If the Embassy is indeed moved to Jerusalem, it must be done in a way that not only corrects the currently reigning historical injustice but also preserves and promotes the two-state solution, which is a critical and long-standing foreign policy and national security interest of the United States. This can only be achieved if the United States makes clear that an American Embassy in West Jerusalem does not mean that it recognizes Israeli sovereignty the entirety of the city and that moving the Embassy does not prevent the establishment of a future Palestinian capital in Jerusalem.

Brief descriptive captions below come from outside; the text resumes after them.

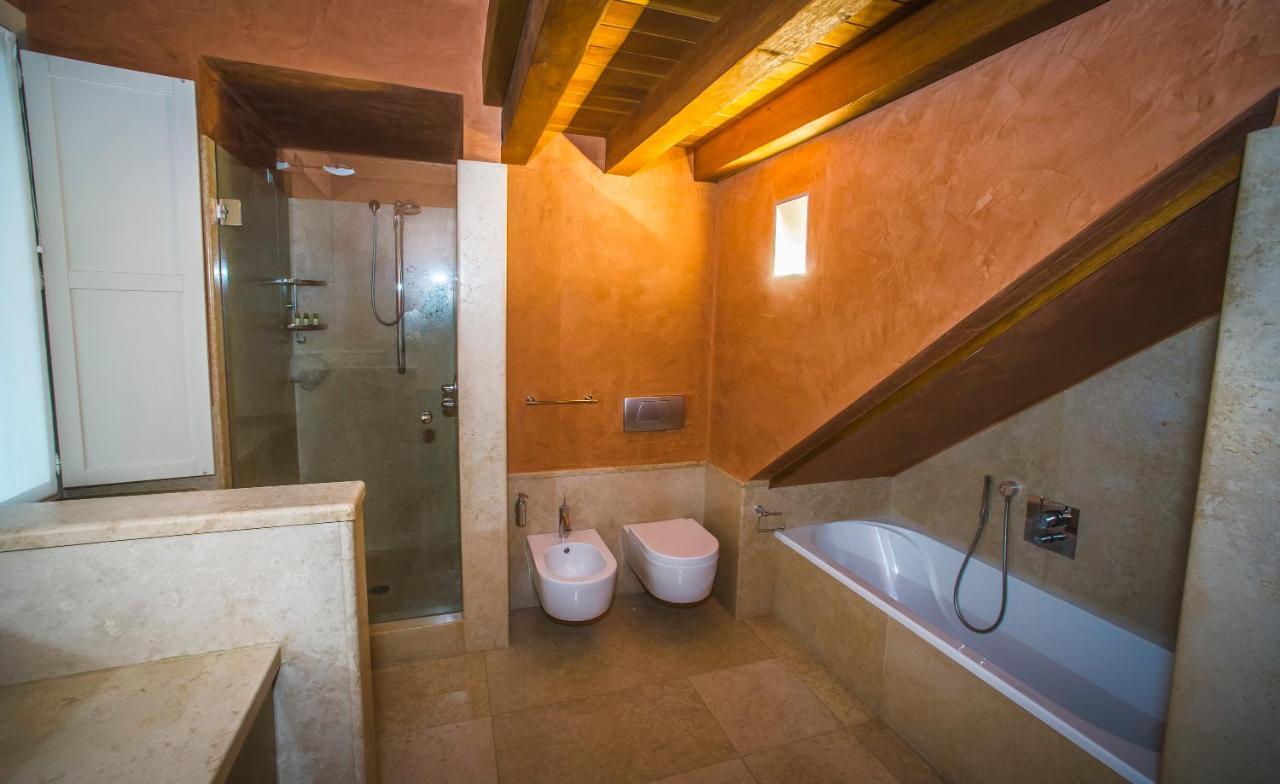 Locanda Mimmo Bergamo Luaran gambar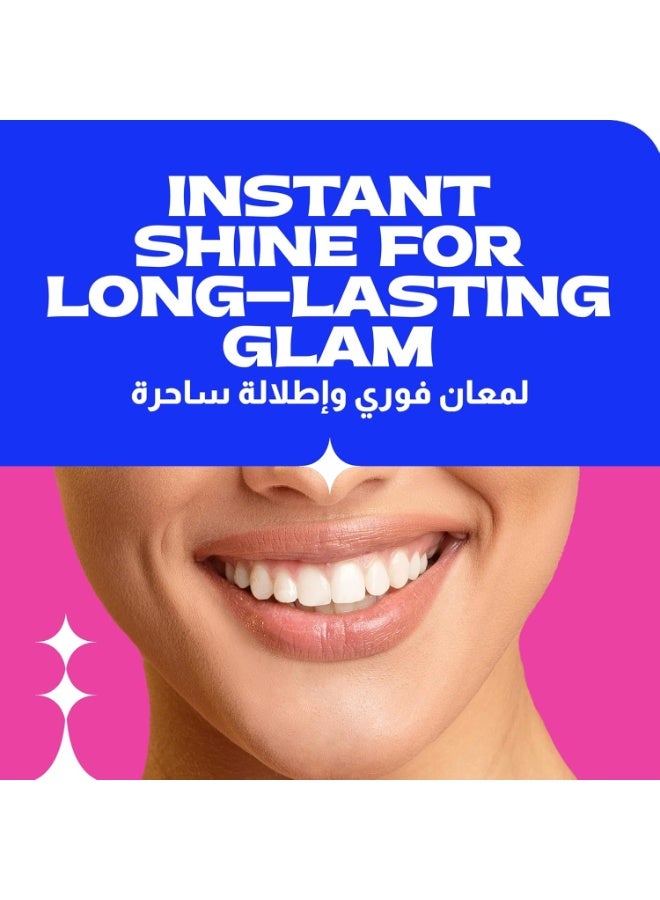 Closeup White Now Toothpaste HollyWood Smile 75ml - Image 5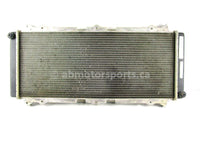A used Radiator from a 2014 WILDCAT 1000 X LTD Arctic Cat OEM Part # 0413-293 for sale. Check out our online catalog for more parts!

If the United States were to relocate its Embassy to Jerusalem while simultaneously declaring that any embassy to the future state of Palestine – pending the successful outcome of permanent status negotiations between Israel and the Palestinians – will be located in East Jerusalem, this would be the only way to both legitimize Israel’s rightful claims in Jerusalem and maintain a viable two-state solution in the future.

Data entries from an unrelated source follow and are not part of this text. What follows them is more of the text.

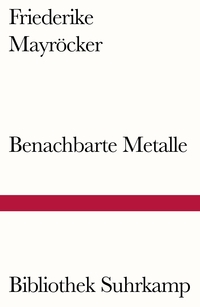 Benachbarte Metalle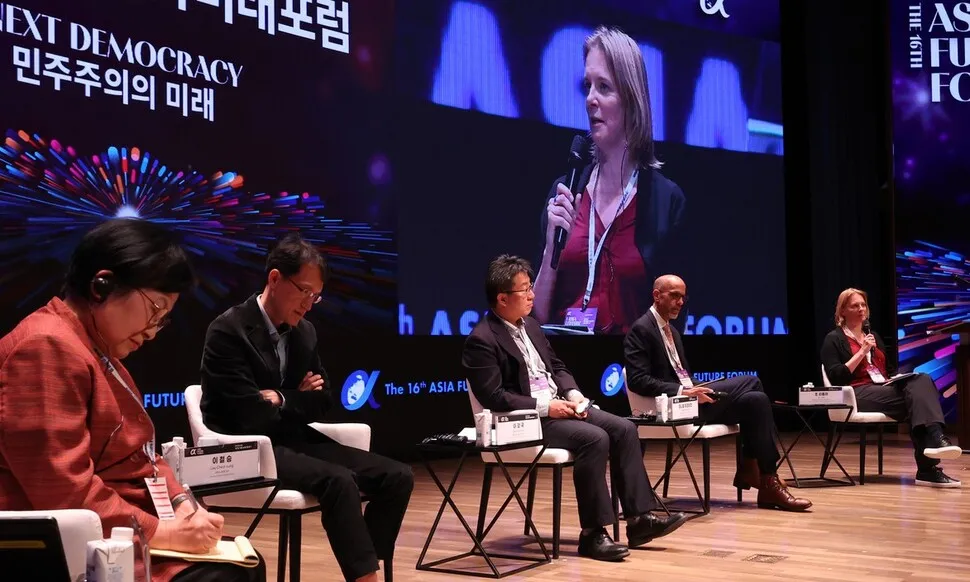 「大学入学と就職、二度の試験で人生を決める…韓国型実力主義の罠」
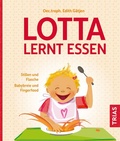 Abbildung von: Lotta lernt essen - TRIAS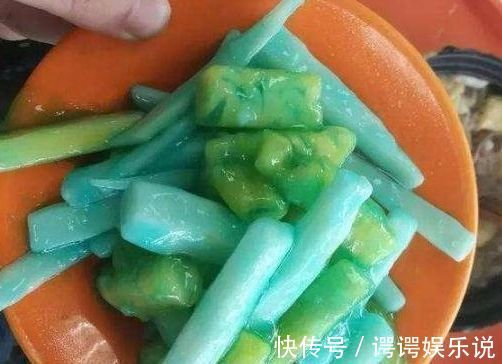 饭菜|“免费都没人想吃”的食堂饭菜,若让你选其一,你选哪个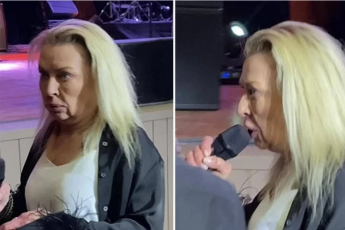 Антиглянец и депрессия Татьяны Овсиенко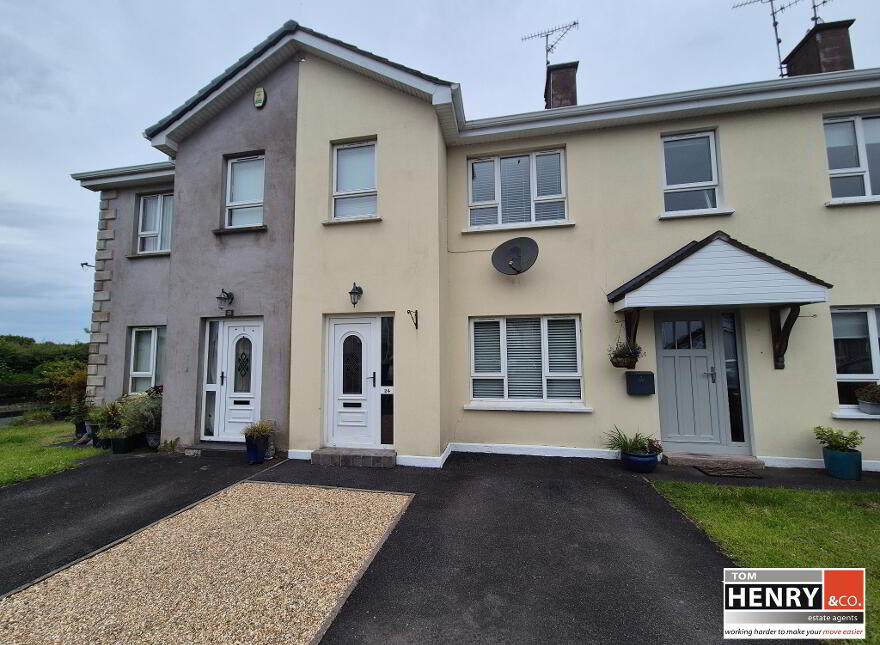 24 Beechville Heights, Eglish, Dungannon, BT71 7DR photo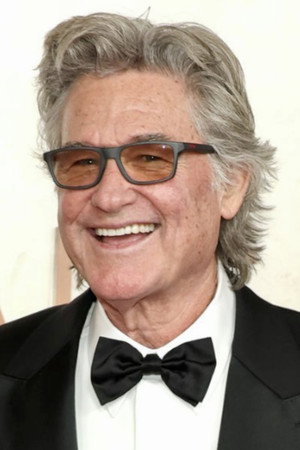 Kurt Russell profil kép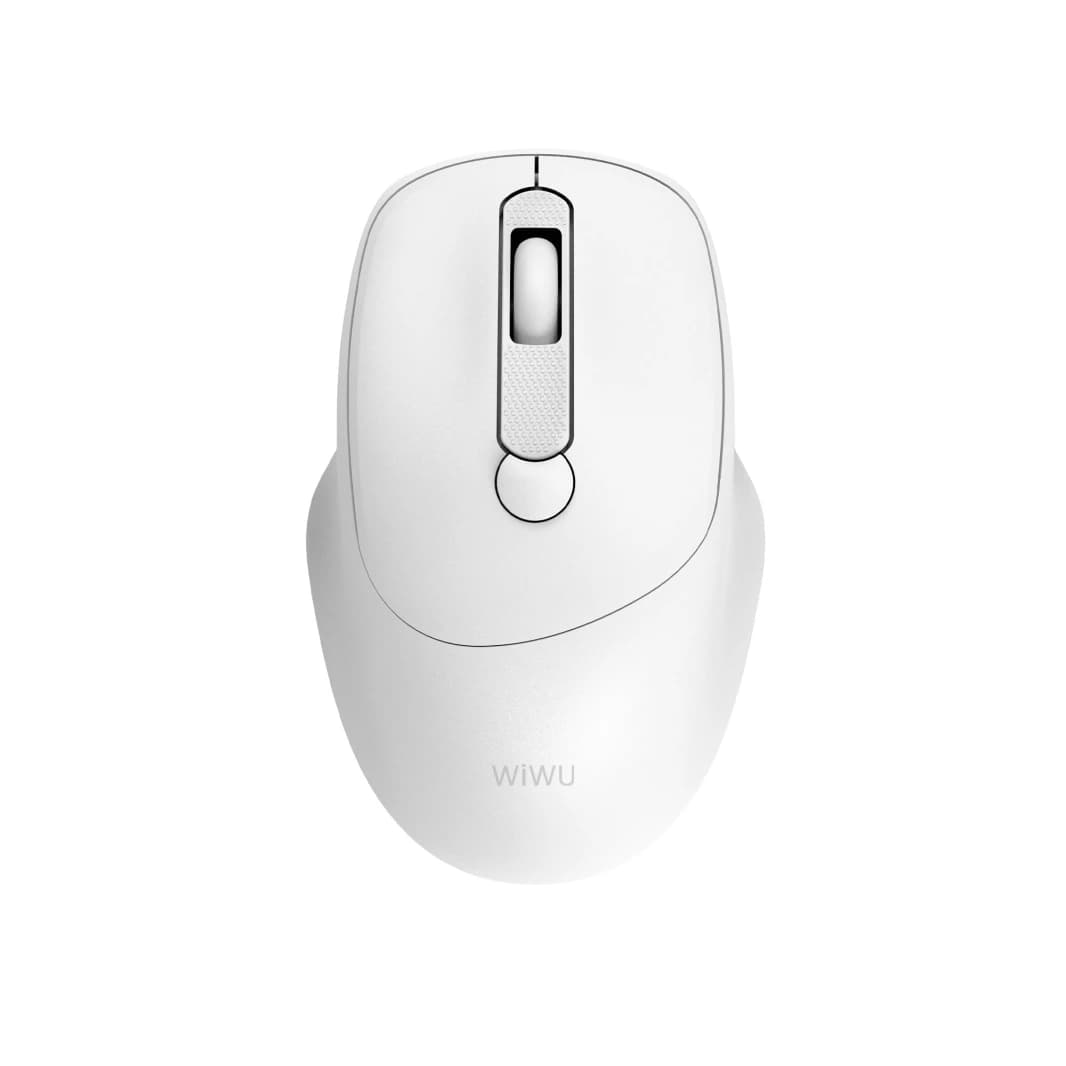 Wiwu 2.4G Wireless Mouse WM113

Alternatively, the United States could adopt the same policy that was recently adopted by Russia and that was welcomed by the Israeli government, which is to recognize West Jerusalem as Israel’s capital but keep the Embassy in Tel Aviv until a permanent status agreement between Israel and the Palestinians has been signed. This policy option grants Israel the recognition in its capital that it deserves without prejudging the sovereignty of the disputed portion of the city, and it may also avoid the likeliest trigger for violence, which would be the relocation of the Embassy itself.
In sum, the decision to relocate the American Embassy to Jerusalem cannot be judged solely on the issue of fairness. While there are valid arguments on both sides, a decision to move the Embassy will not be cost-free, and the timing at the moment raises particularly thorny challenges. In this instance, what is fair and just may not be the same as what is wise. Any change in the Embassy’s status must be carefully and comprehensively weighed against the grave and unintended consequences that may occur should the Embassy be relocated to Jerusalem.